A Lima il Papa ha detto che «il cuore non si può “photoshoppare”, perché è lì che si gioca l’amore vero, è lì che si gioca la felicità». Perché secondo lei Francesco usa queste metafore, a prima vista molto lontane dal linguaggio normale dei sacerdoti (nelle omelie, per esempio)?
«Credo che usi queste metafore per far capire che la realtà della vita richiede un atteggiamento di verità, e lo fa esprimendolo attraverso concetti quotidiani. In un’epoca in cui molti sul proprio profilo presentano una immagine “photoshoppata” di se stessi, il Papa richiama all’importanza della verità del proprio cuore e delle relazioni che scaturiscono da esso.

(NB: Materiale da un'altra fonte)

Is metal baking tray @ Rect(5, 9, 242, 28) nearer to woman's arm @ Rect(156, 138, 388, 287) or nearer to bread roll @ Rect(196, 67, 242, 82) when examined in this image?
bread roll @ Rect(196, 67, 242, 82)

Una volta si usavano immagini diverse. Mi viene in mente Suor Elvira: “Non bisogna portare maschere”; o padre Gasparino: “Bisogna passare sotto l’arco della verità”. In ogni caso il concetto sotteso è lo stesso: è necessario essere veri, presentarsi così come si è. Gesù diceva: “Sia invece il vostro parlare: sì, sì; no, no. Il di più viene dal maligno”».
Quanto è importante la comunicazione nella pastorale di una diocesi?
«È molto importante. Anche qui, non per farci apparire diversi da quello che siamo ma per trasmettere agli altri quella gioia di un incontro che viviamo, come dice san Giovanni: “Quello che abbiamo veduto e udito, noi lo annunciamo anche a voi, perché anche voi siate in comunioni con noi. E la nostra comunione è con il Padre e con il Figlio suo, Gesù Cristo. Queste cose vi scriviamo, perché la nostra gioia sia piena” (1Gv 1, 3-4)».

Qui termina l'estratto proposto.